[Data excerpts]
####
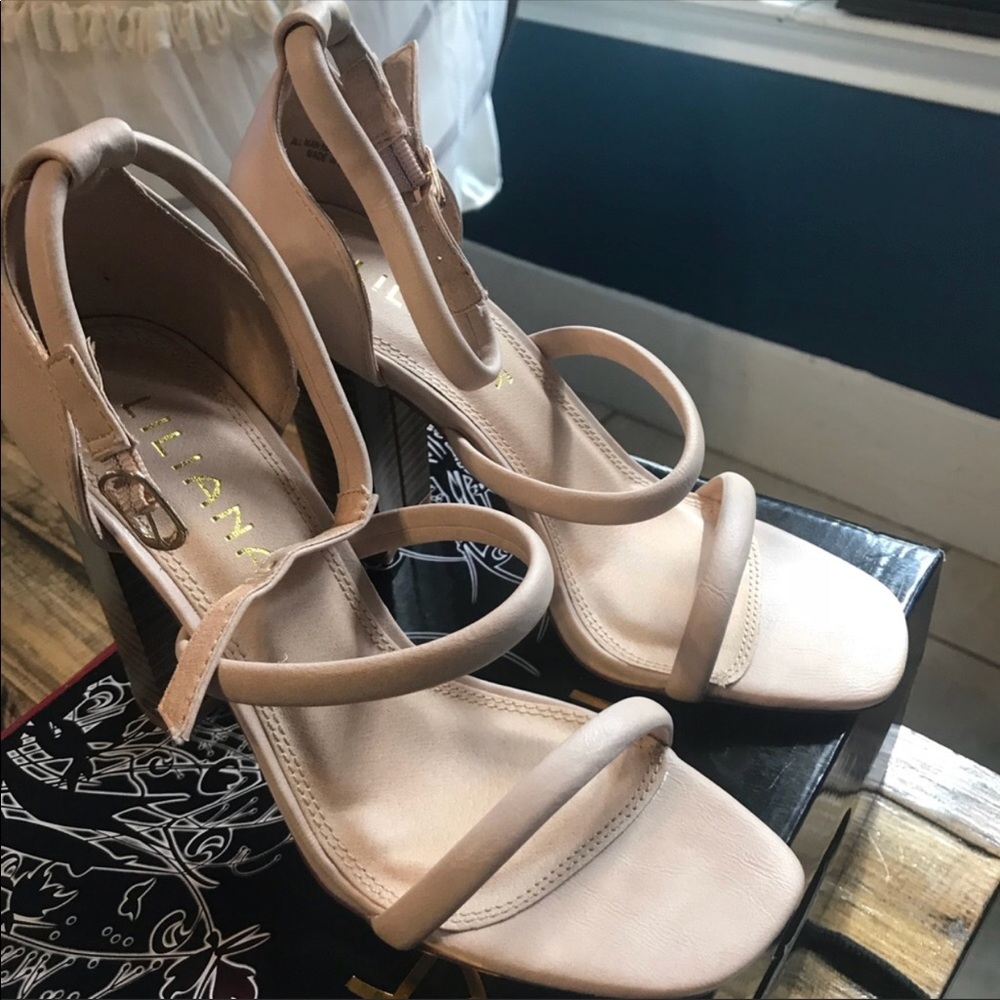NWOT Nude ankle strap heel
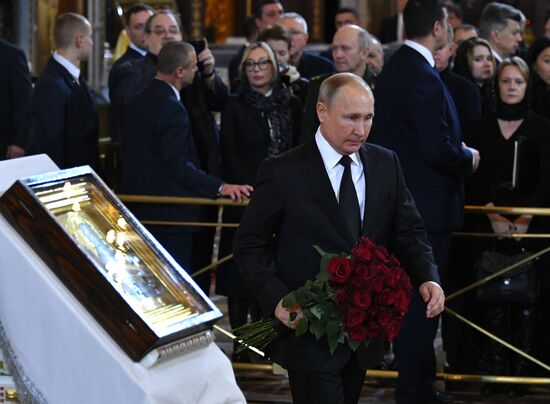 Президент РФ В. Путин принял участие в церемонии прощания с Ю. Лужковым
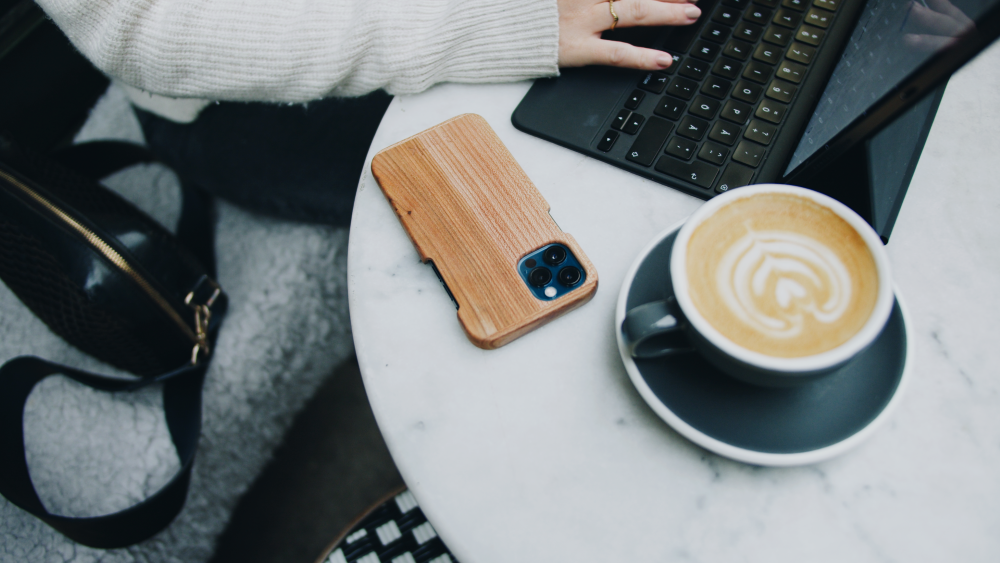 木製スマホケース Bark (バーク) の取り扱い樹種について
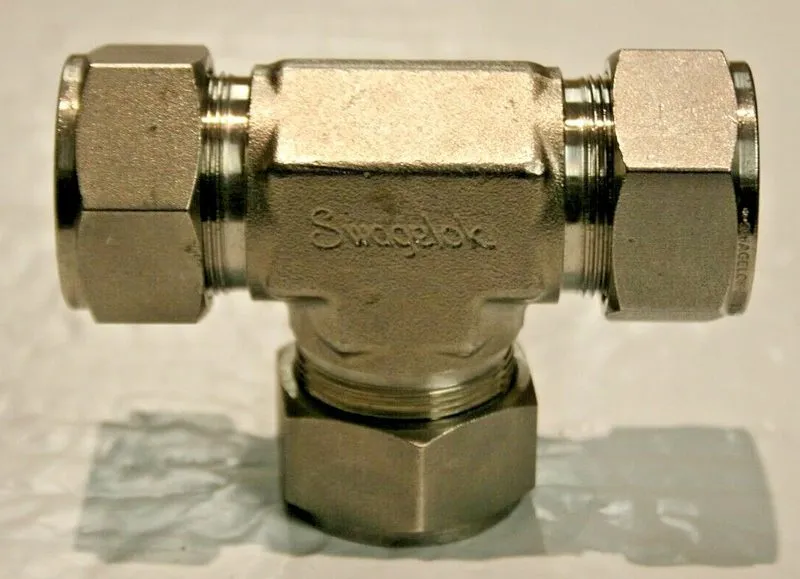 Фитинг Swagelok 316 Stainless Steel Tube Tee Fitting 1" w/Nuts SS-1610-3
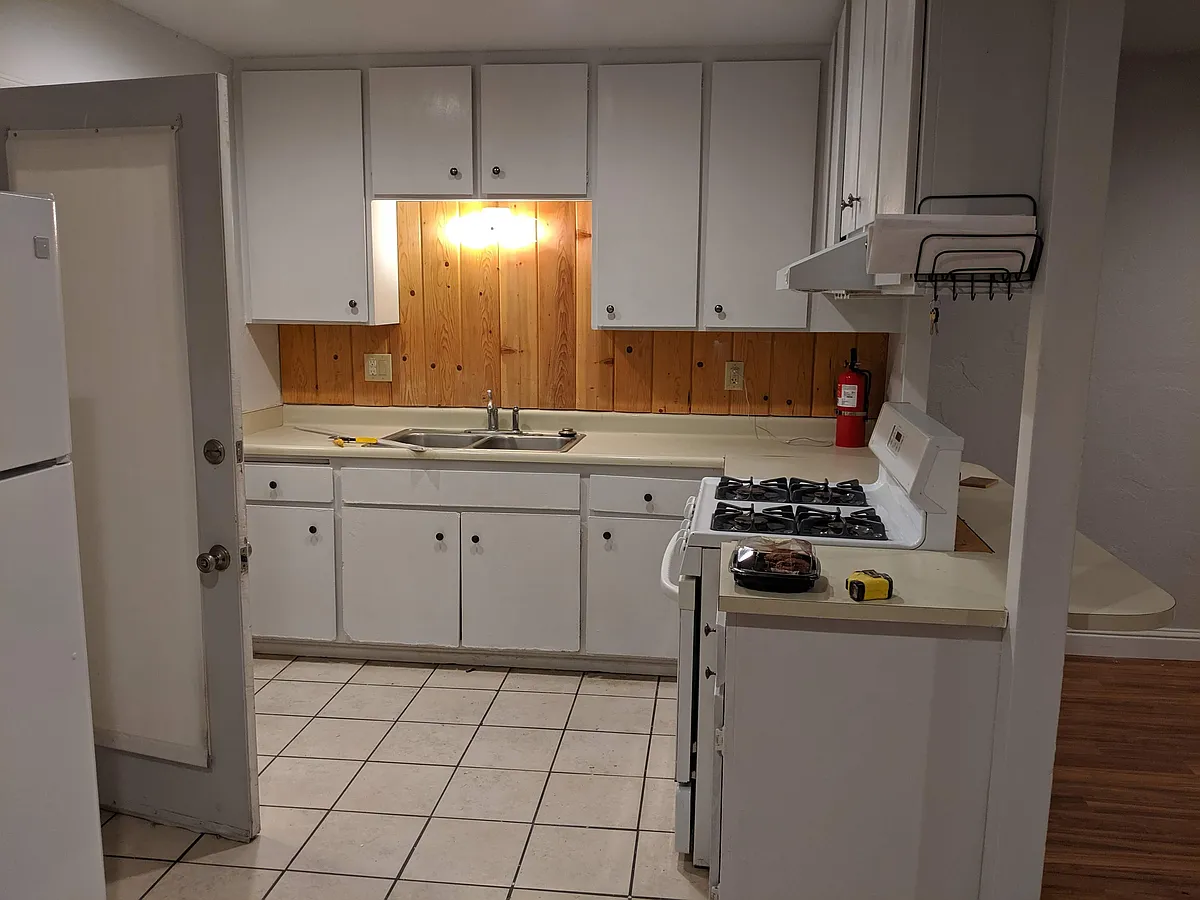 kitchen/main entrance - 703 Adeline Pl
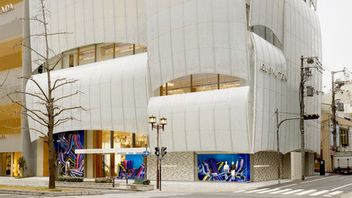 Entering The Culinary World, Louis Vuitton Fashion House Opens Japan's First Cafe And Restaurant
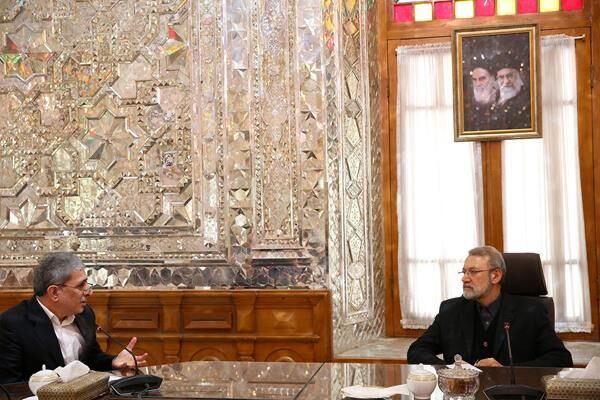 لاریجانی از خدمات بانکها در بحران کرونا قدردانی کرد لاریجانی از خدمات بانکها در بحران کرونا قدردانی کرد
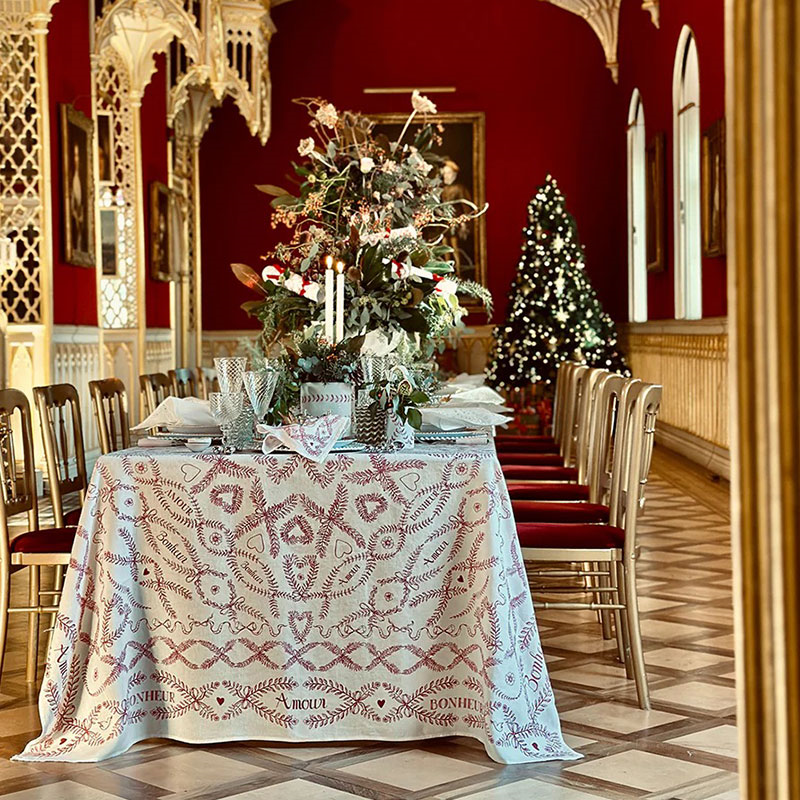 Amour Bonheur Linen Tablecloth, 165 x 300cm, Red-3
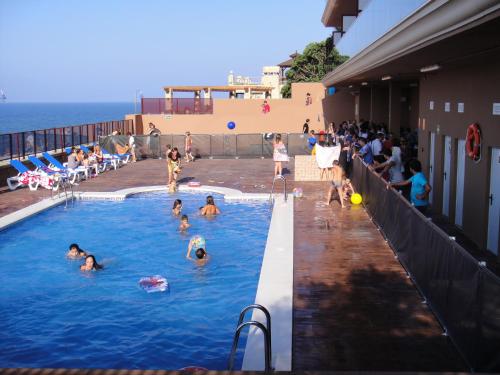 Kolam renang di atau di dekat Aparthotel El Faro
####
• **What you should do**: Hand over the entries again, exactly as written and without the pictures.

• **Response area**:
NWOT Nude ankle strap heel
 Президент РФ В. Путин принял участие в церемонии прощания с Ю. Лужковым
 木製スマホケース Bark (バーク) の取り扱い樹種について
 Фитинг Swagelok 316 Stainless Steel Tube Tee Fitting 1" w/Nuts SS-1610-3
 kitchen/main entrance - 703 Adeline Pl
 Entering The Culinary World, Louis Vuitton Fashion House Opens Japan's First Cafe And Restaurant
 لاریجانی از خدمات بانکها در بحران کرونا قدردانی کرد لاریجانی از خدمات بانکها در بحران کرونا قدردانی کرد
 Amour Bonheur Linen Tablecloth, 165 x 300cm, Red-3
 Kolam renang di atau di dekat Aparthotel El Faro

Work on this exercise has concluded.